When logging alone is not enough
Our service contained a decent amount of logging, including some global exception handling to trap any unexpected behaviour. So, this would log whatever was going wrong, right?
Wrong. There was nothing, although we did see some logs relating to service start-up, right after we hit the endpoint. So, it appeared that the endpoint was killing and then restarting the service! Uh-oh. That wasn’t a good sign.
We peeked at the server’s Application logs…
15:27:10 Faulting application name: w3wp.exe, version: 8.5.9600.16384, time stamp: 0x5215df96 Faulting module name: MSVCR120.dll, version: 12.0.21005.1, time stamp: 0x524f83ff Exception code: 0xc0000409 Fault offset: 0x000000000006dd27 Faulting process id: 0x709c Faulting application start time: 0x01d2e5e2ff5dd5cf Faulting application path: c:\windows\system32\inetsrv\w3wp.exe Faulting module path: C:\Windows\SYSTEM32\MSVCR120.dll Report Id: b759f33e-51d6-11e7-80d2-0050569e5760 Faulting package full name: Faulting package-relative application ID:
Something blowing up in msvcr120.dll, the C runtime.
What did the System event log tell us?
The Windows Error Reporting Service service entered the running state. 15:27:23 A process serving application pool '[Redacted]' suffered a fatal communication error with the Windows Process Activation Service. The process id was '28828'. The data field contains the error number.
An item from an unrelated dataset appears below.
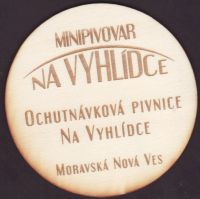 Beer coaster na-vyhlidce-3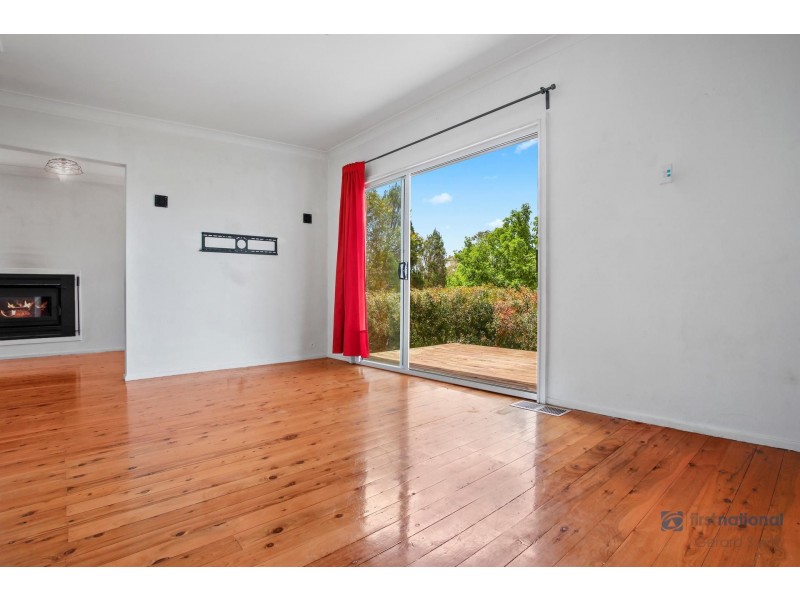 293 Argyle Street, Picton NSW 2571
So, the logs really didn’t have very much to go on. We knew something was blowing up in msvcr120.dll, but absolutely no clues as to what. What was our next option?
The Debug Diagnostics Tool, from Microsoft, was designed to diagnose issues in IIS, although it can also be used on any Windows process. It provides a large amount of information about the state of a process, and is particuarly useful if, as in our case, the process dies unexpectedly. I won’t go into how to use it here, as this is documented elsewhere.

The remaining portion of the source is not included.